About a year and a half ago - a year before construction started - I jotted down a list of "points" that seemed to summarize the thinking behind this kind of house. When I looked back at it a few weeks ago I wasn't sure how "divine inspiration" didn't make the cut. But I realized that this is such an over-arching theme for every category that it doesn't make sense to just make it one item on a list. Also, "a space in the center" used to be an 8th item, but I decided that this is just a feature particular to the design of this house rather than something necessary for every such house. If I designed another "church house" it may have a completely different visual theme, based on some other biblical principal. So here's the Seven, interspersed with the latest photos from the site.

ONE
Marriage of two distinct functions, church and house - corresponding to the divine and the domestic, sacred and profane, holy and ordinary, worship and life.

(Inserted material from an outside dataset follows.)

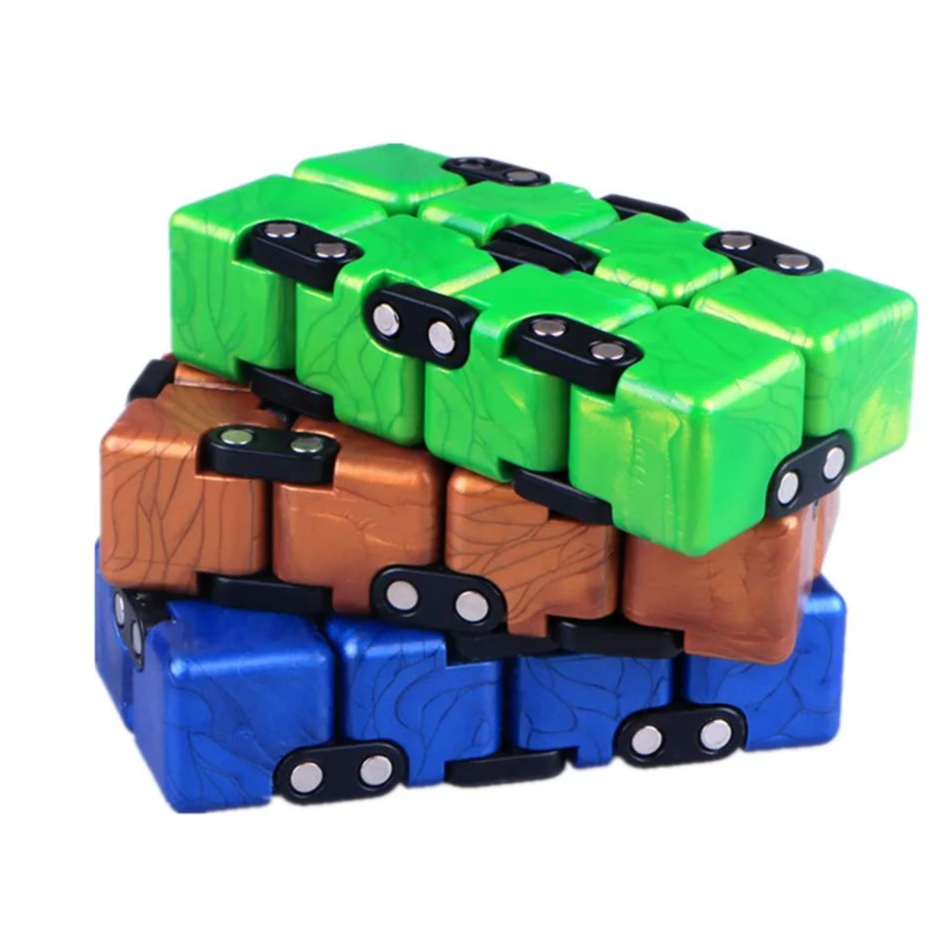 QiYi 2x2 Crazy Cube 2x2x2 Endl – обзор и цена Model Kit Infinite Dimension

As shown in the "video tour," this is the first of two openings in the stone wall that don't go all the way through - because they are in front of the attic space. I imagine someone asking me, What if birds nest in there? I would be so honored.






















TWO
A Holy Place: the largest space, for:
        - Gathering
        - The Lord's Supper
        - Eating meals
        - Bible reading
        - Poetry reading
        - Prayer
        - Star gazing
        - Preaching
        - Singing
        - Dancing
        - Working
        - Watching movies
        - Listening to music
        - Etc. - experiencing and creating "whatever is true, honorable, just, pure, pleasing, commendable, worthy of praise" (Philippians 4:8)

I finally have water! Only took a couple of months. The contractor I hired to tap my water and sewer lines kept finding the water table too high to bore under the road. So after about two months with no change in the water table, he finally opted for a slightly more expensive option for boring and got it done.























THREE
View to the sky.


FOUR
Reverence for nature.


FIVE
Natural materials: stone, brick, wood, slate, ceramic, metal. No paint, stain, chemical treatment, sheetrock, vinyl.


SIX
Honesty and simplicity in construction, detailing and aesthetics.

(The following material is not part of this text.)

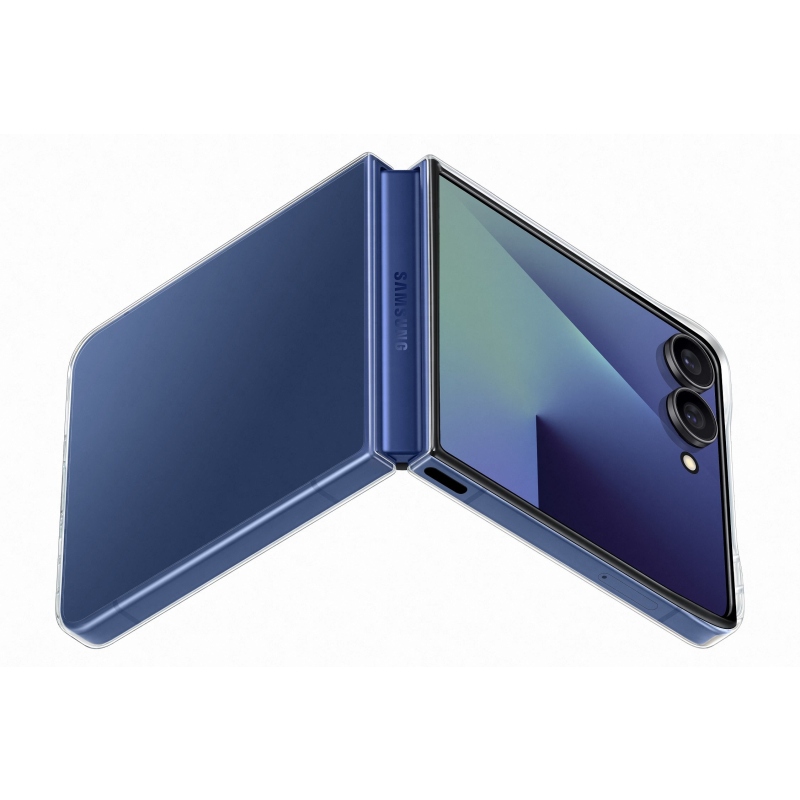 EF-AF766CTE Samsung Priehľadný kryt pre Galaxy Z Flip 7 Transparent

The notches left in the top of this wall are not shown on my drawings. While on site one day I asked the mason to put these in so that the joists from the porch roof will have a place to sit. Originally I was just going to attach them to a ledger board bolted to the face of the brick wall. I like the notches better because it shows more clearly that the joists line up with the bricks and are based on the same measurement - 16 inches on center.























SEVEN
Engravings of Scripture: God's words permanently on the building, accumulating over time, small, almost unnoticeable, and everywhere.

The rather intricate brick screening at the top of the walls is going up. Functionally this serves as a guard rail around the roof deck. Expressively it suggests an erosion or dissolution of the brick walls as they get closer to the sky. The same Flemish bond pattern is used here, which started the wall from the footing. But whereas at the base of the wall this bond is a purely horizontal coursing, as is traditional, here at the top I've removed portions of the bond to leave vertical openings.